EXERCISE -> Once you find the line below that contains "8808 Pfäffikon SZ - Restaurant Luegeten, See", write it out along with every later line exactly as given, stopping only when the records end. Omit the pictures.

DATA SHOWN ->
◆ ◆ ◆ ◆ ◆

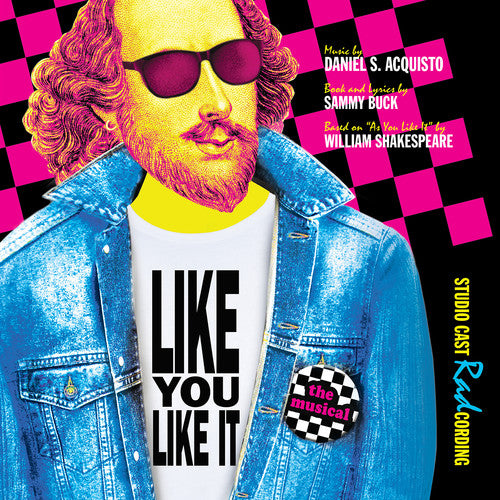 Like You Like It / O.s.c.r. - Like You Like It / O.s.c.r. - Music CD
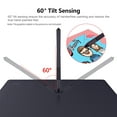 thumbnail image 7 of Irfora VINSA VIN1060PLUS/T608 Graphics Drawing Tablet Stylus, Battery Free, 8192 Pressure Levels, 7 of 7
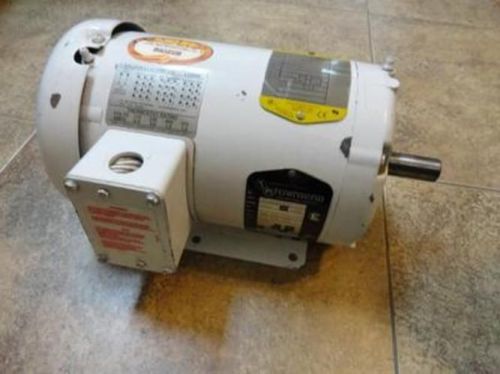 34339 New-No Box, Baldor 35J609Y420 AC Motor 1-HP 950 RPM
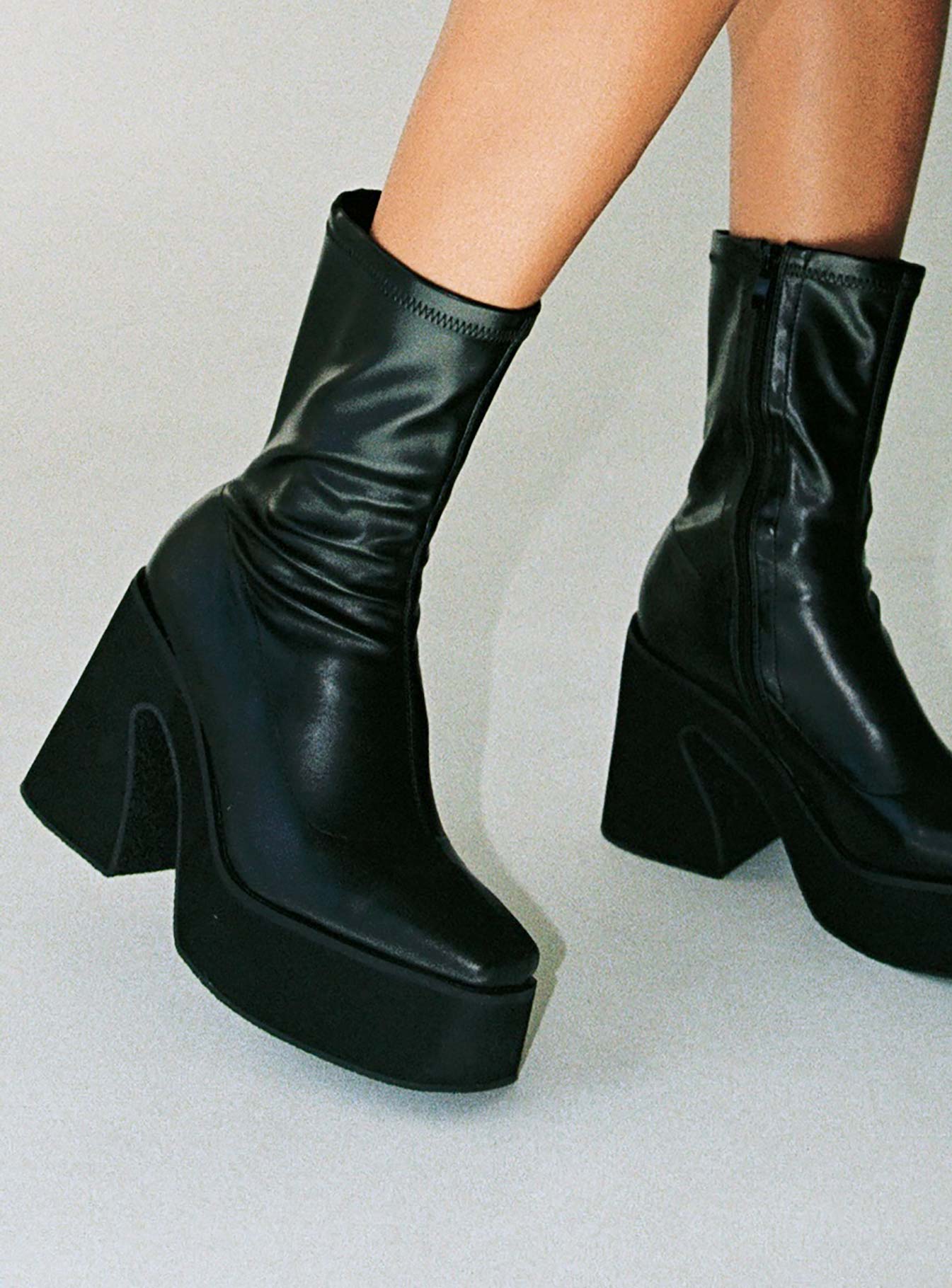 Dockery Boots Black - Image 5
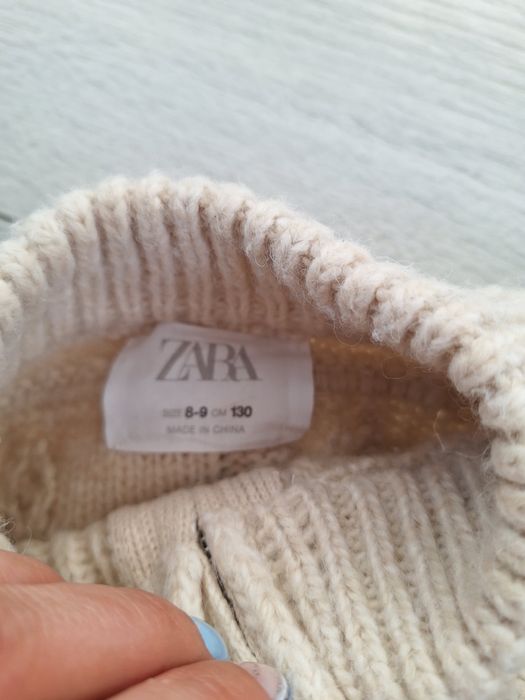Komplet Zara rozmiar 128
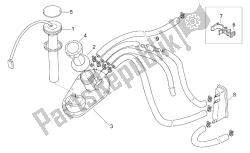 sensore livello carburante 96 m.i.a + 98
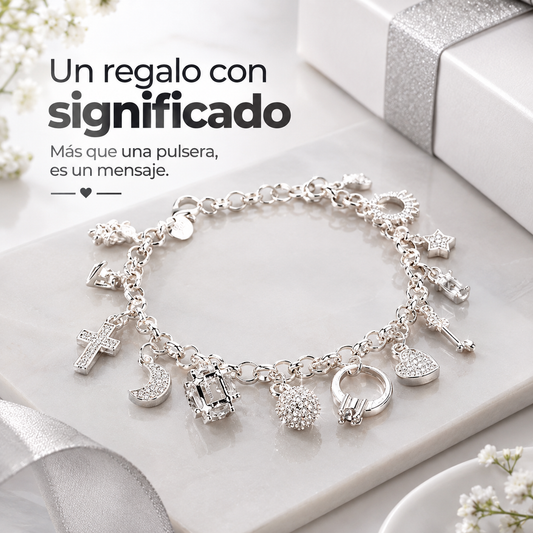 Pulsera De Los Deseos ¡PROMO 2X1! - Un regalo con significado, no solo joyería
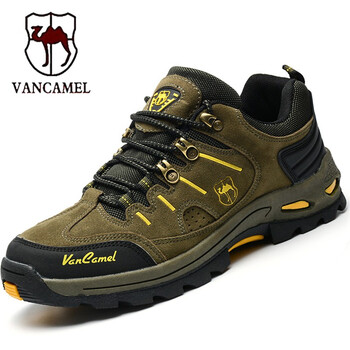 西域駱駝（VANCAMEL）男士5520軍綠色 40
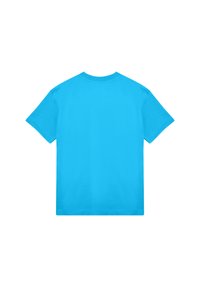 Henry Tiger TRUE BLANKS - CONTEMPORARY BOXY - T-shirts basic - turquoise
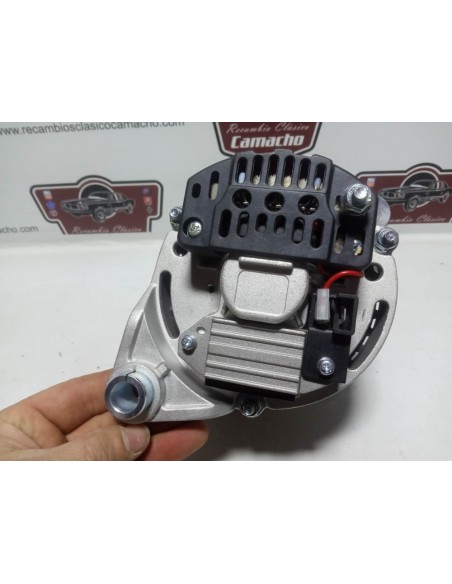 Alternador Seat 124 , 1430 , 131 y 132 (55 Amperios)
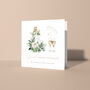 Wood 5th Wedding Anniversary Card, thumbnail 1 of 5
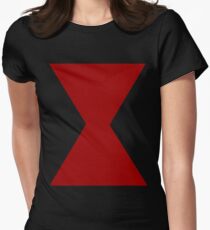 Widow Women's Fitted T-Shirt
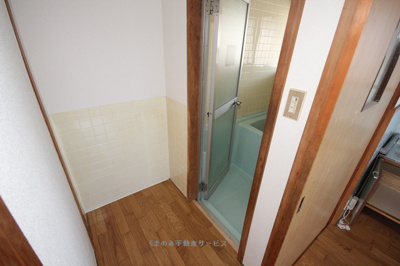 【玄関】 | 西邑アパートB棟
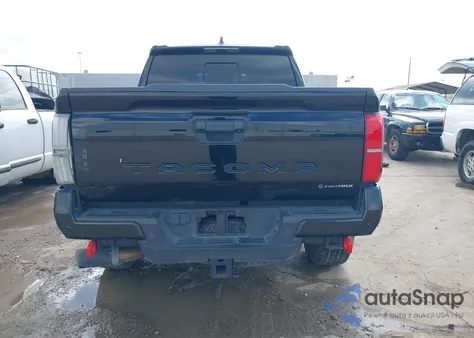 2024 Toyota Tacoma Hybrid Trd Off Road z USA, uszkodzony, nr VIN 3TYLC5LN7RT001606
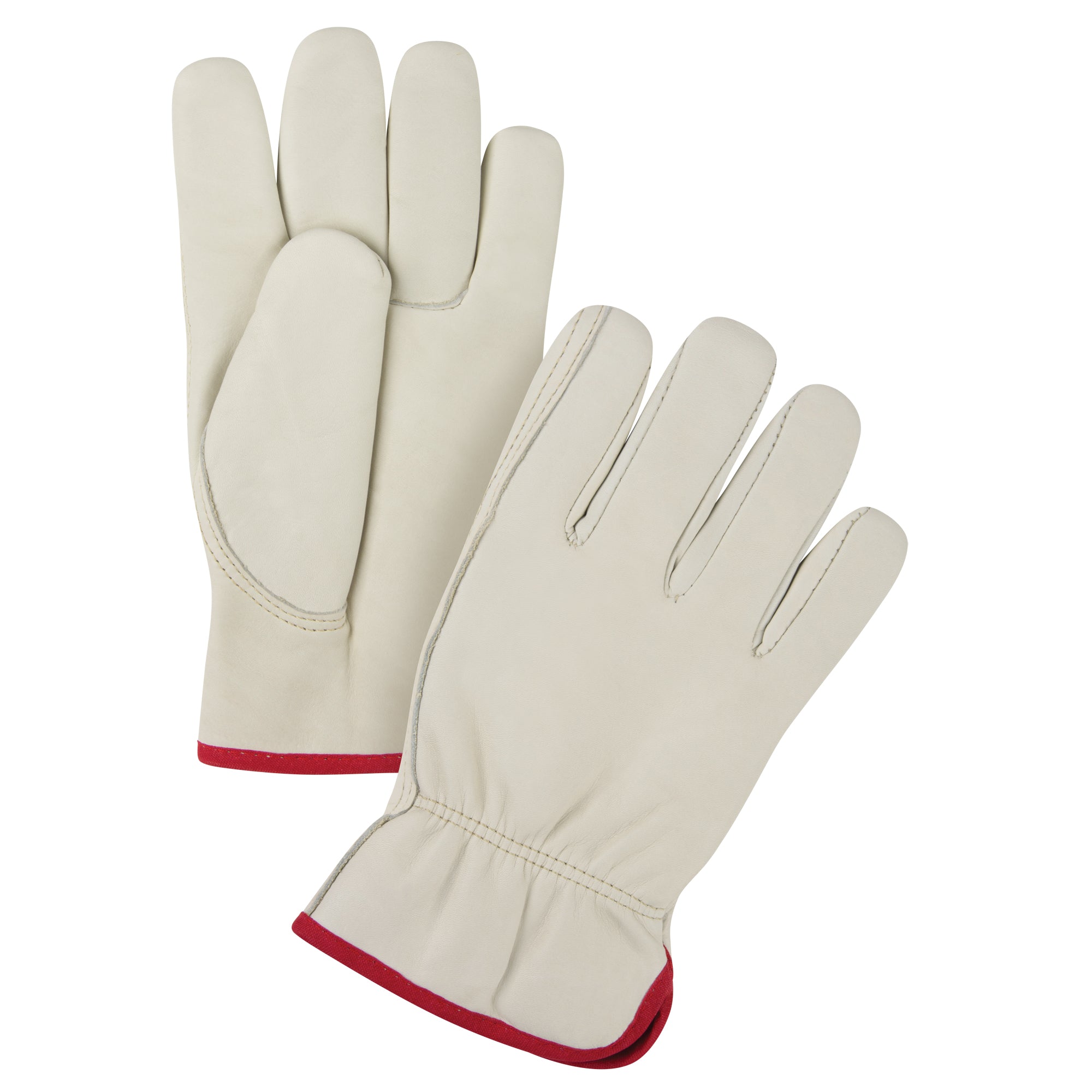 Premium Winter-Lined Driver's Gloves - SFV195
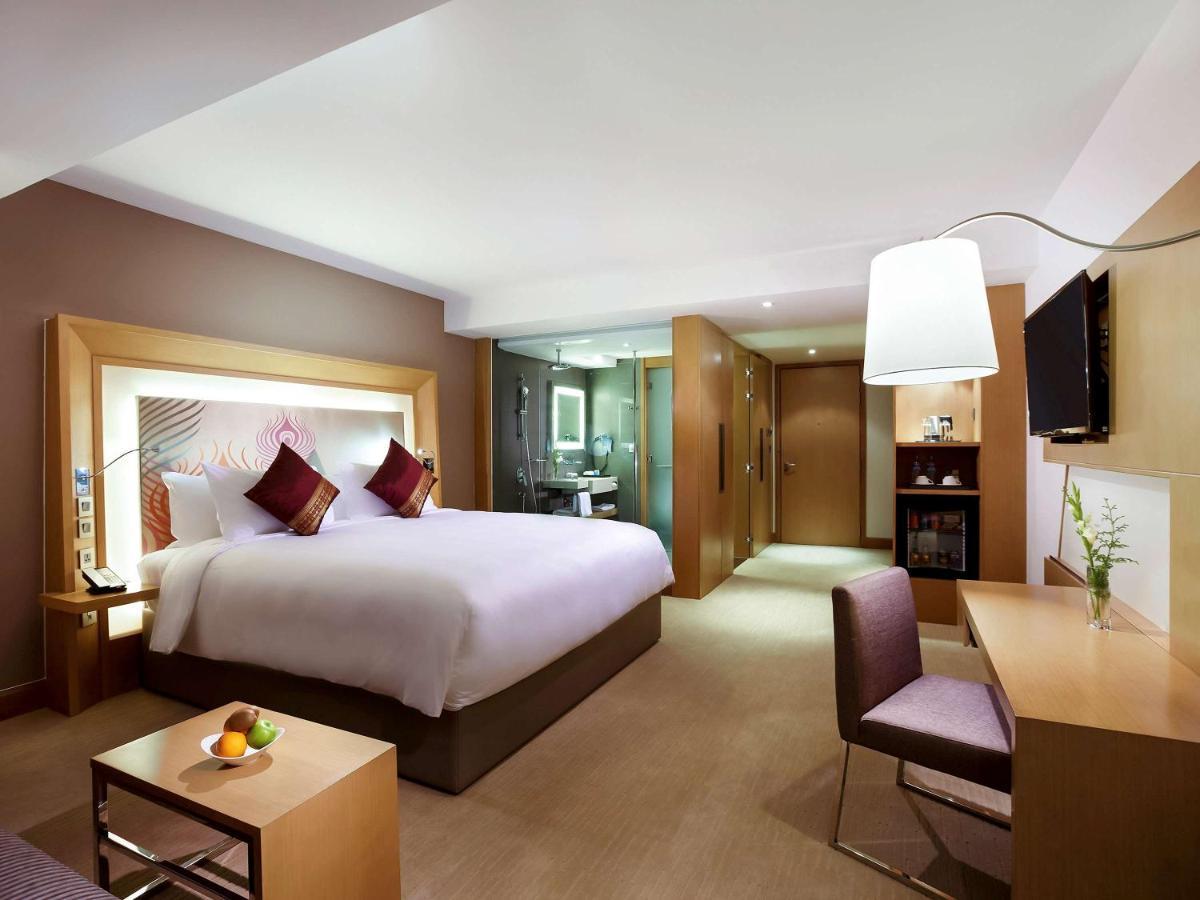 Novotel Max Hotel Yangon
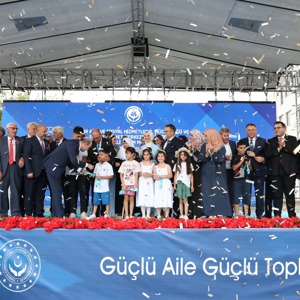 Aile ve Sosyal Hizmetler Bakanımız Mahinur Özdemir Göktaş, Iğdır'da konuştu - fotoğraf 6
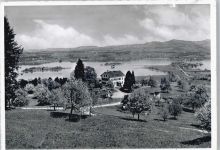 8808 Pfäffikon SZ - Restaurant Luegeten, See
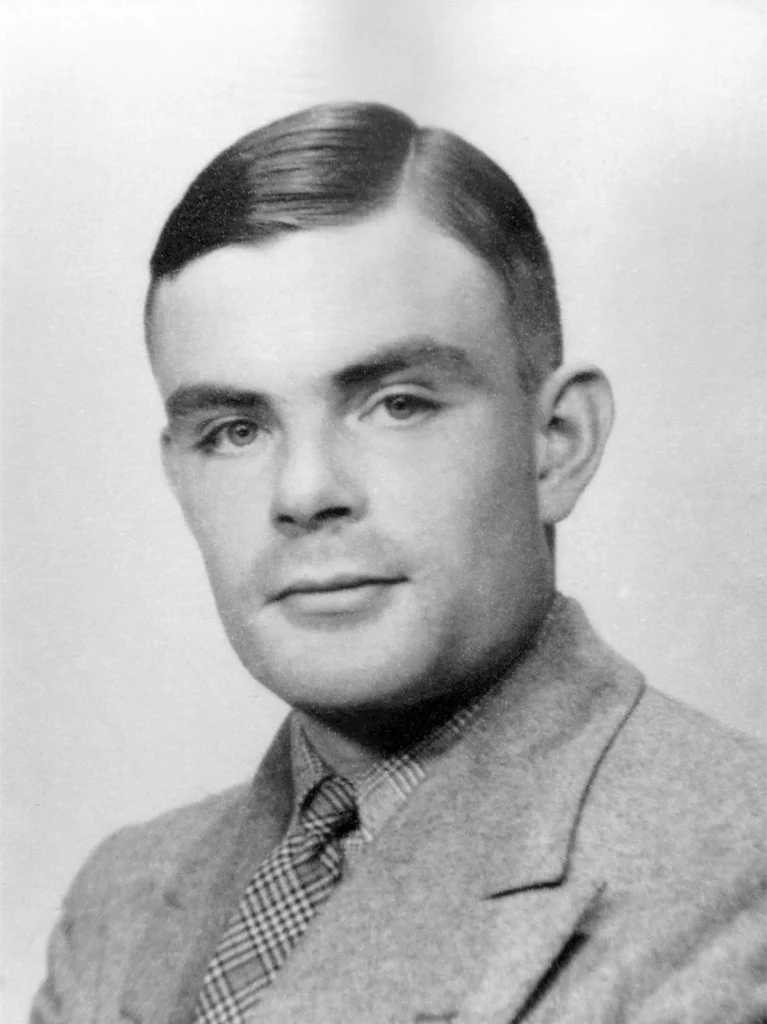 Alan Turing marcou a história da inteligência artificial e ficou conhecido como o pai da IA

◆ ◆ ◆ ◆ ◆

OUTPUT ->
 8808 Pfäffikon SZ - Restaurant Luegeten, See
 Alan Turing marcou a história da inteligência artificial e ficou conhecido como o pai da IA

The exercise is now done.